▸ How to complete this task:
Would you return the lines that run from the start of the data below to the line with "Beli Lastikli Pembe Keten Pantolon", both included, exactly as written and without pictures?

▸ Exercise data:

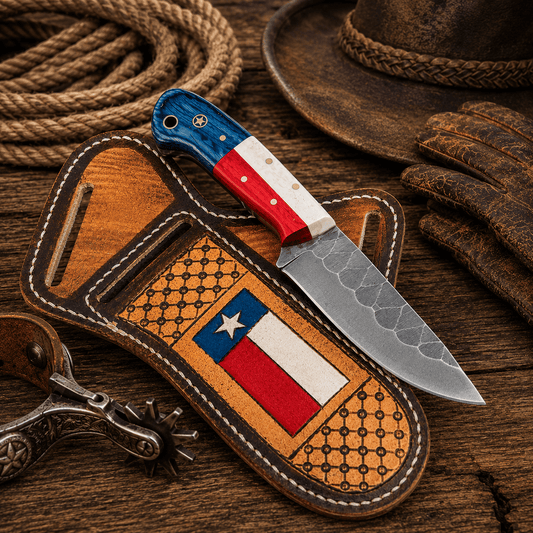Cowboy Knife – Handmade Steel Blade Flag Handle Belt Sheath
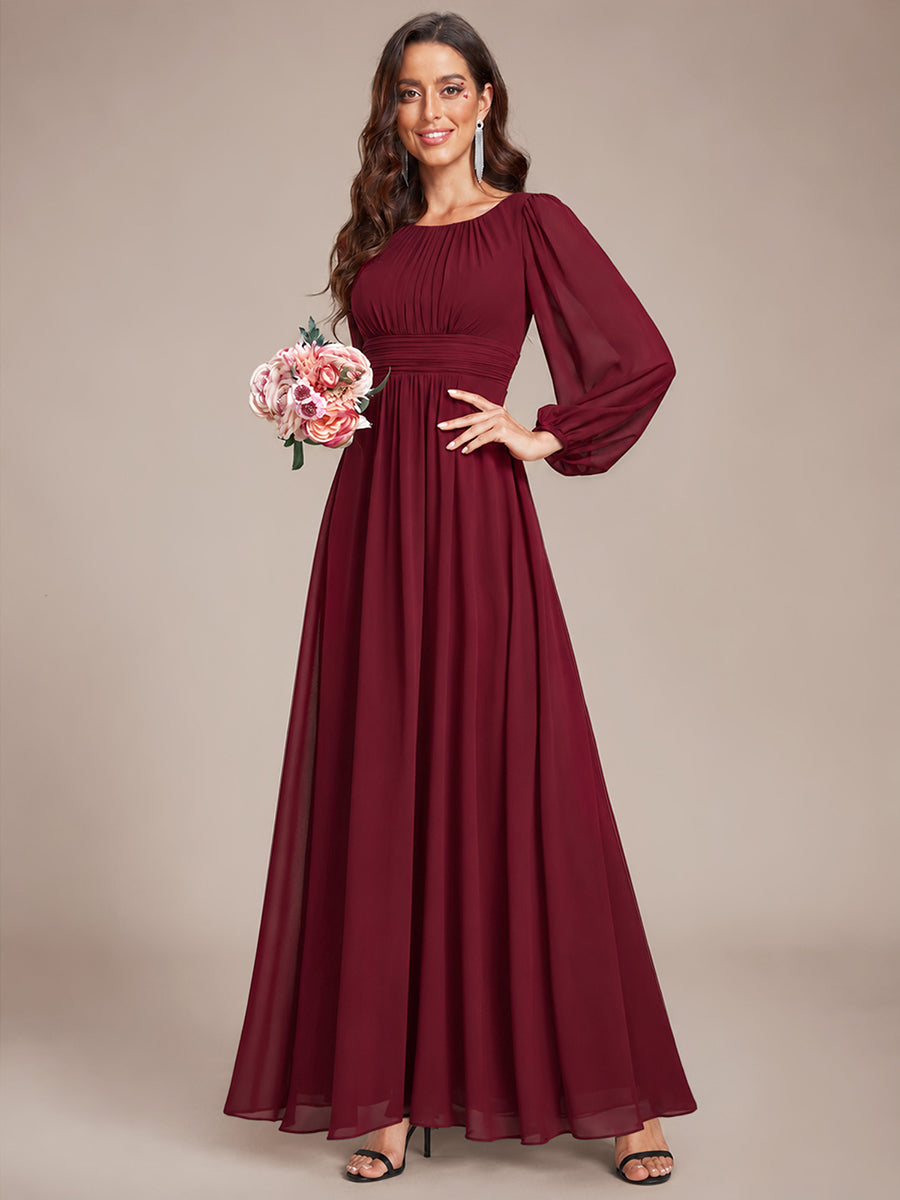Robe demoiselle d'honneur en mousseline à taille haute Manches bouffantes #Couleur_Bordeaux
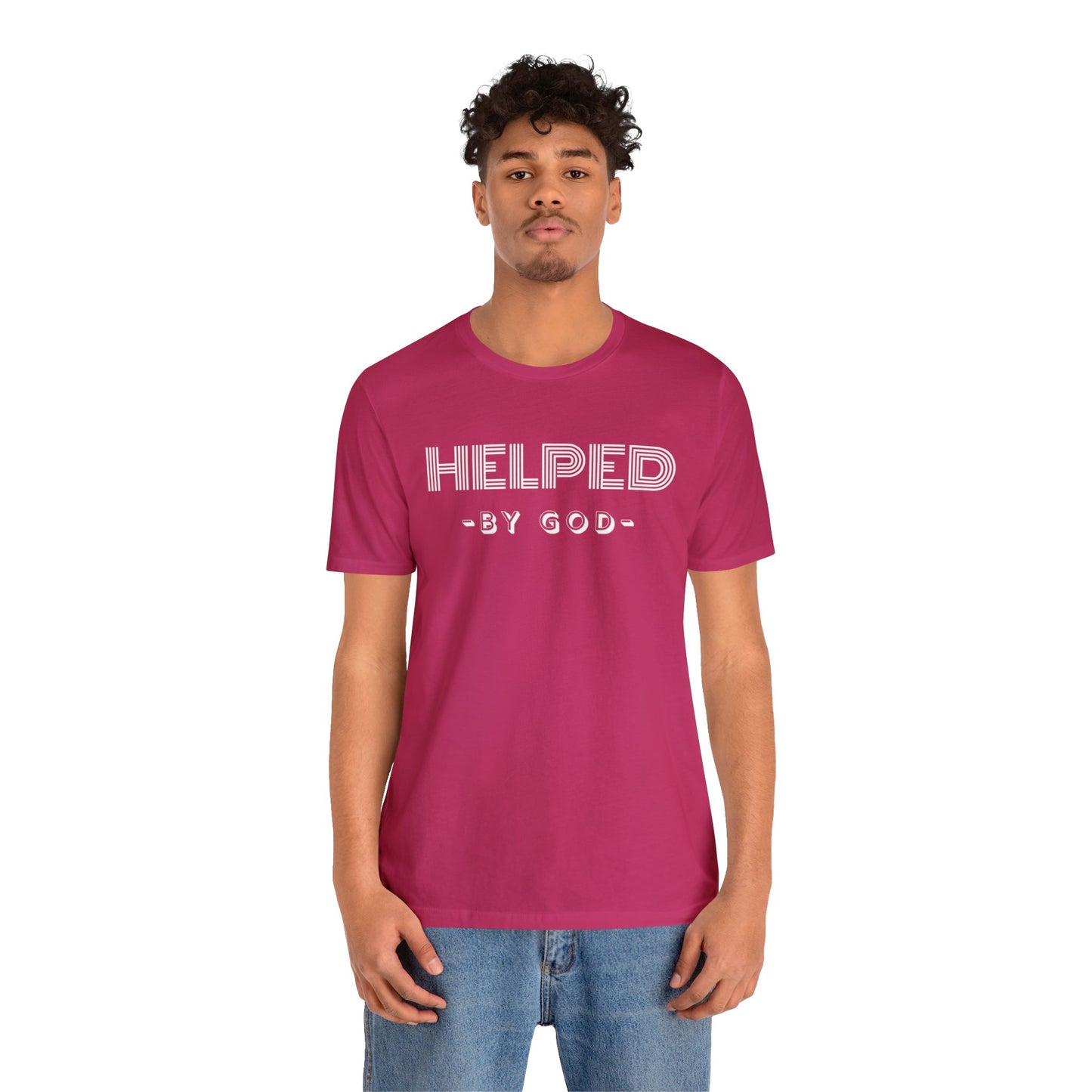 HELPED BY GOD Unisex Jersey Short Sleeve Tee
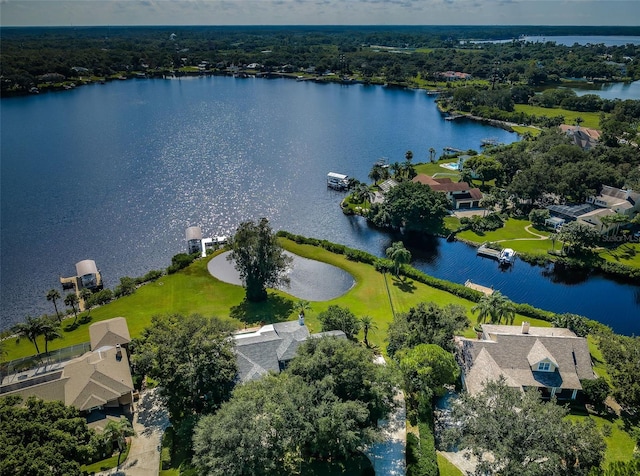 birds eye view of property featuring a water view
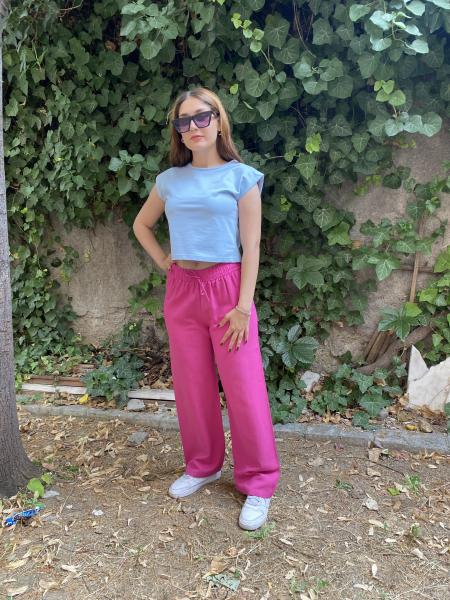 Beli Lastikli Pembe Keten Pantolon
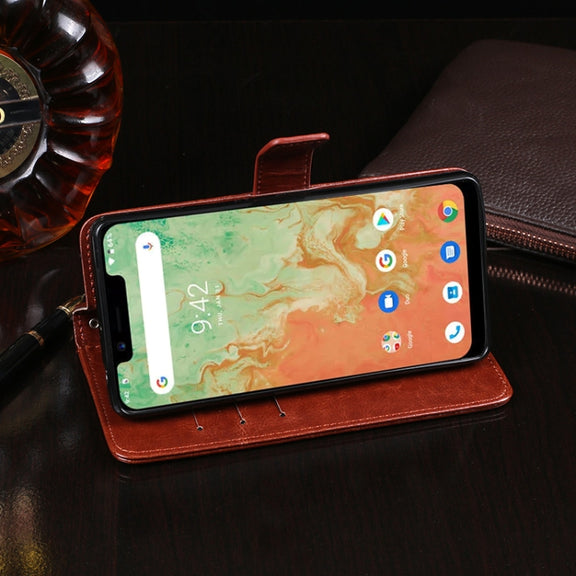 For UMIDIGI A3X idewei Crazy Horse Texture Horizontal Flip Leather Case with Holder & Card Slots & Wallet(Yellow)
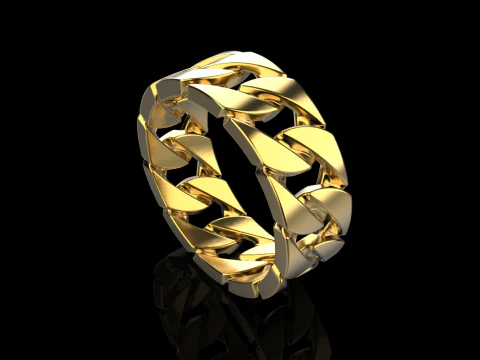Cuban chain ring model 663 3D Print Model
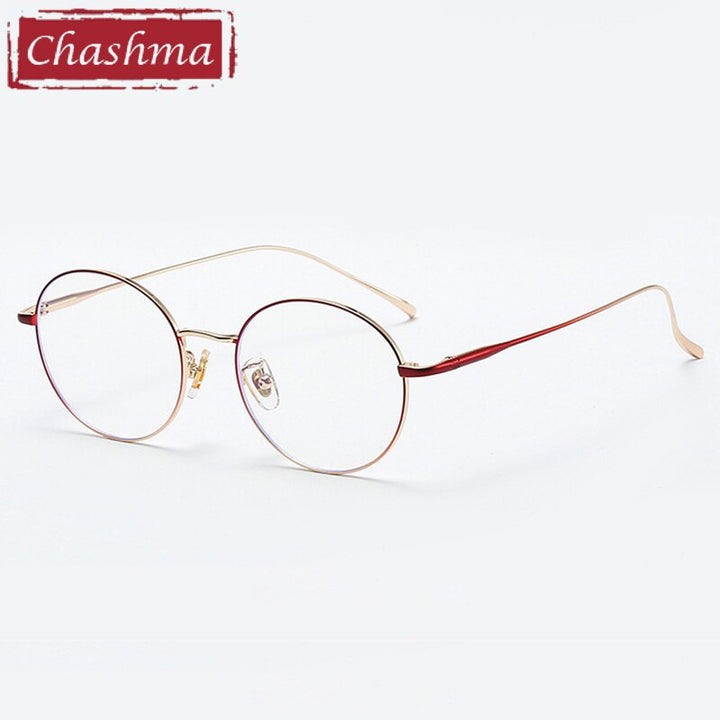 Chashma Ottica Unisex Full Rim Round Titanium Eyeglasses 093 Full Rim Chashma Ottica Red Gold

▸ Task response:
Cowboy Knife – Handmade Steel Blade Flag Handle Belt Sheath
Robe demoiselle d'honneur en mousseline à taille haute Manches bouffantes #Couleur_Bordeaux
 HELPED BY GOD Unisex Jersey Short Sleeve Tee
 birds eye view of property featuring a water view
 Beli Lastikli Pembe Keten Pantolon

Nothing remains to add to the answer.